Over the weekend I spent some time doing something I honestly rarely do anymore, which was visiting a few of the major automotive media websites just to see what the landscape looks like today. MotorTrend, Car and Driver, the usual names that most of us grew up with and still recognize instantly. These are legacy automotive brands with decades of history behind them, huge audiences, massive resources, and every opportunity in the world to create an incredible online experience for enthusiasts.
And yet within minutes I found myself closing tabs out of frustration rather than sticking around to actually read anything.
It wasn’t because the topics were bad or because there wasn’t interesting content there. In fact, there were several articles and videos I genuinely wanted to spend time with. The problem was that the experience of trying to consume any of it felt exhausting. Before I could even properly settle into an article, ads were firing across the screen from every direction. Videos auto-playing somewhere on the page, sticky banners following you as you scroll, popups interrupting halfway through reading, layouts shifting around while more ads loaded in, giant takeovers covering portions of the article, and enough movement on the screen that it became difficult to focus on the actual content itself.
At some point you stop reading the article and start fighting the website.

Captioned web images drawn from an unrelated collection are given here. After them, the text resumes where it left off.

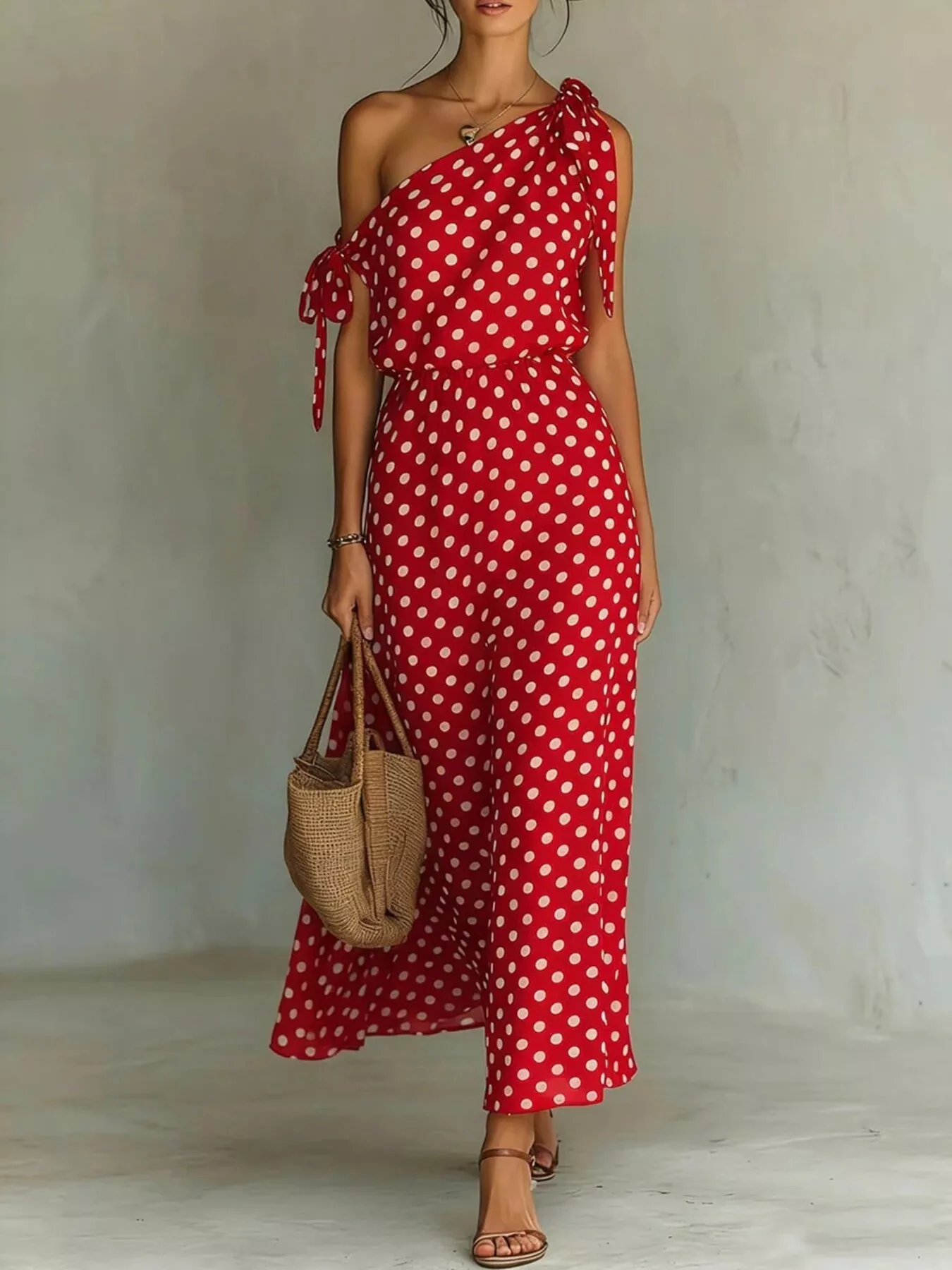Full Size Polka Dot One-Shoulder Maxi Dress with Tie Details Plus Size - Image 6
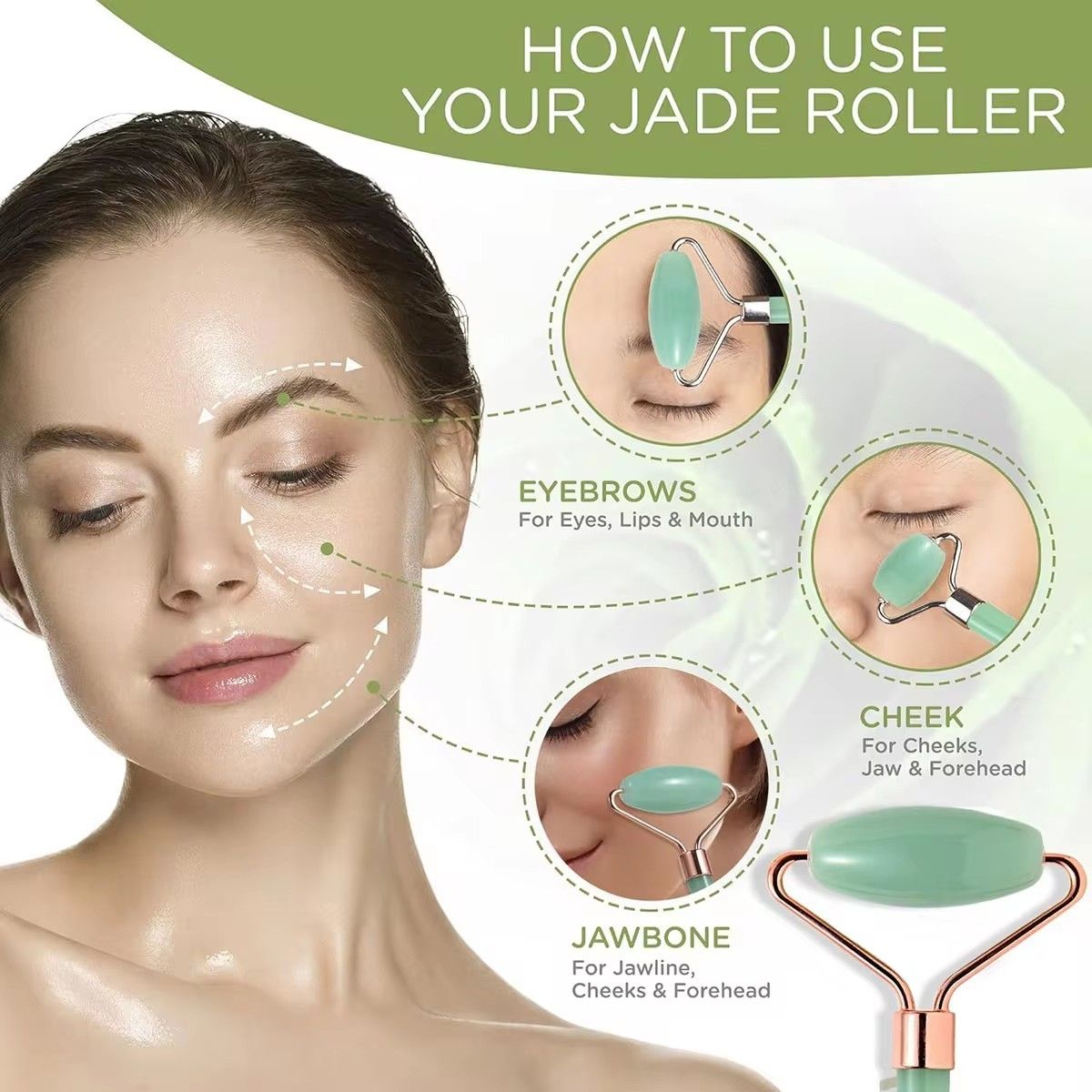 Green jade gua sha and roller facial massage tools for face areas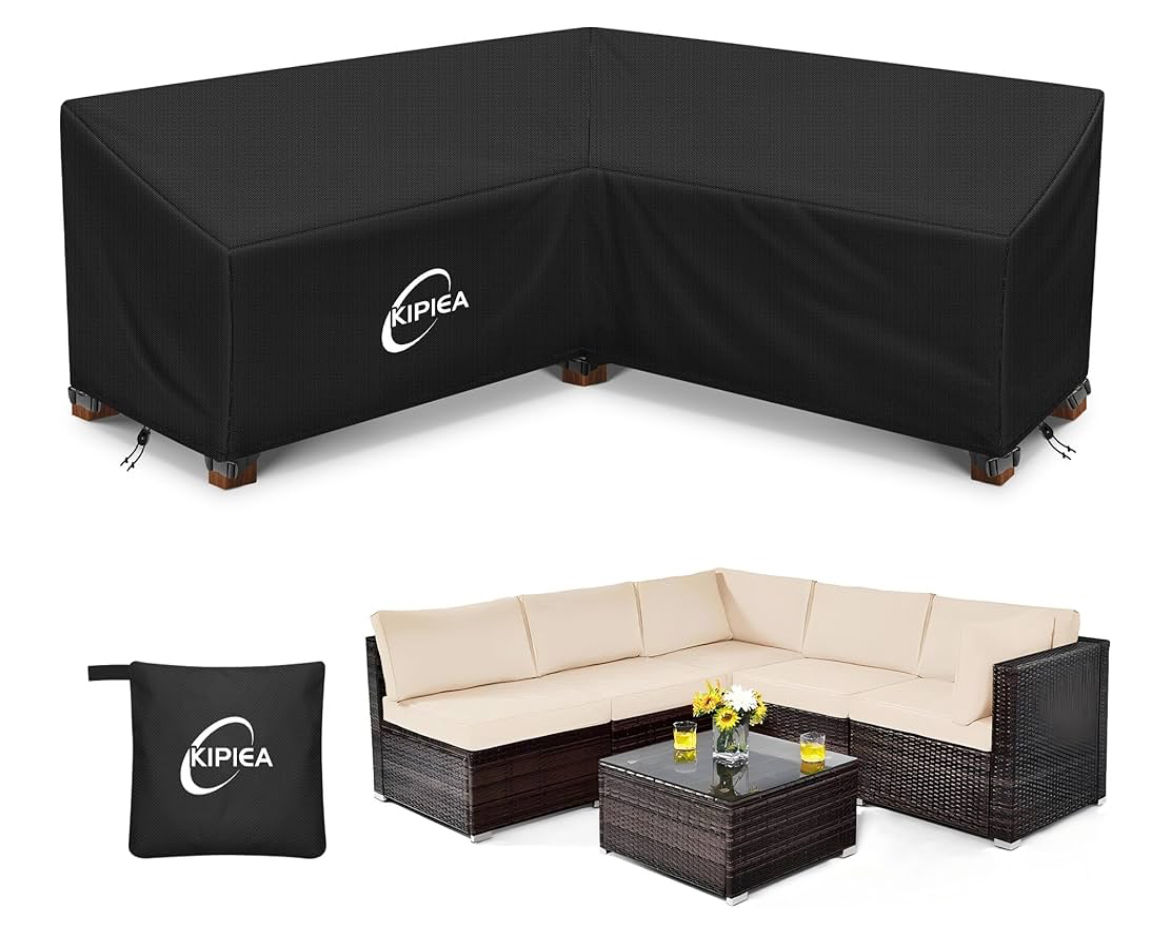 Kipiea Patio V-Shaped Sectional Sofa Cover, 420D Heavy-Duty Oxford Fabric Outdoo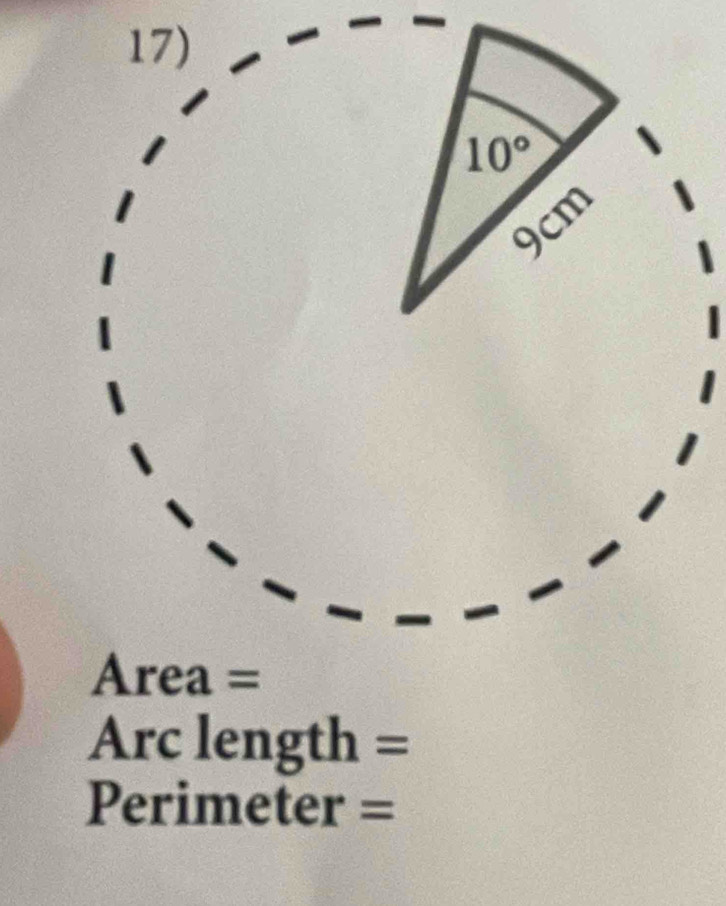 c Área =
Arc length =
Perimeter =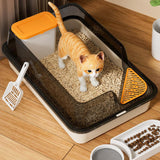 Maxbell Cat Litter Box with Scatter Shield Open Top for Kitten Rabbit Small Animals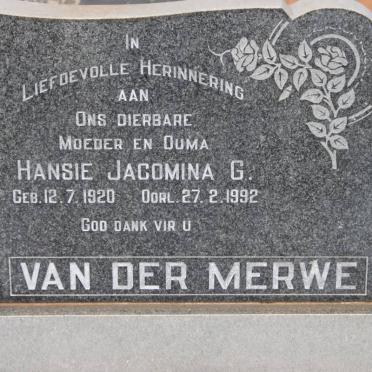MERWE Hansie Jacomina G., van der 1920-1992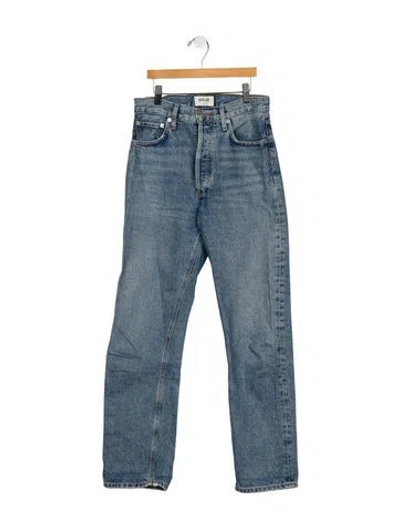 Pre-owned Agolde High-rise Straight Leg Jeans In Blue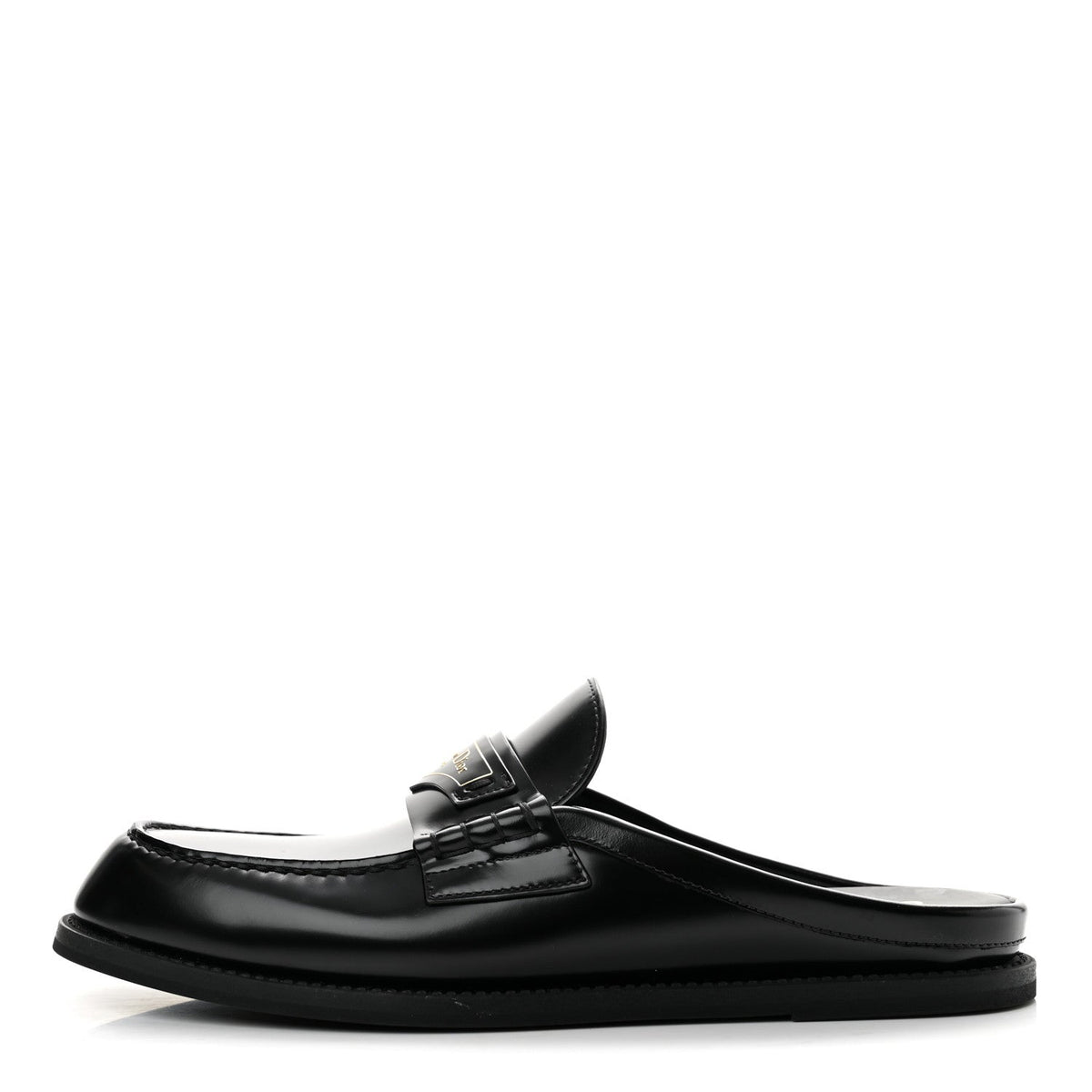Brushed Calfskin Boy Loafer Mule 38 Black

Now to be clear, I completely understand why this exists. These companies are expensive operations to run. Writers, editors, photographers, video production, long-term road tests, travel, hosting, salaries, studios, all of it costs real money, and advertising has obviously been the backbone of automotive publishing for decades. Clearly the model still works financially well enough because almost every large automotive media company continues to lean heavily into it.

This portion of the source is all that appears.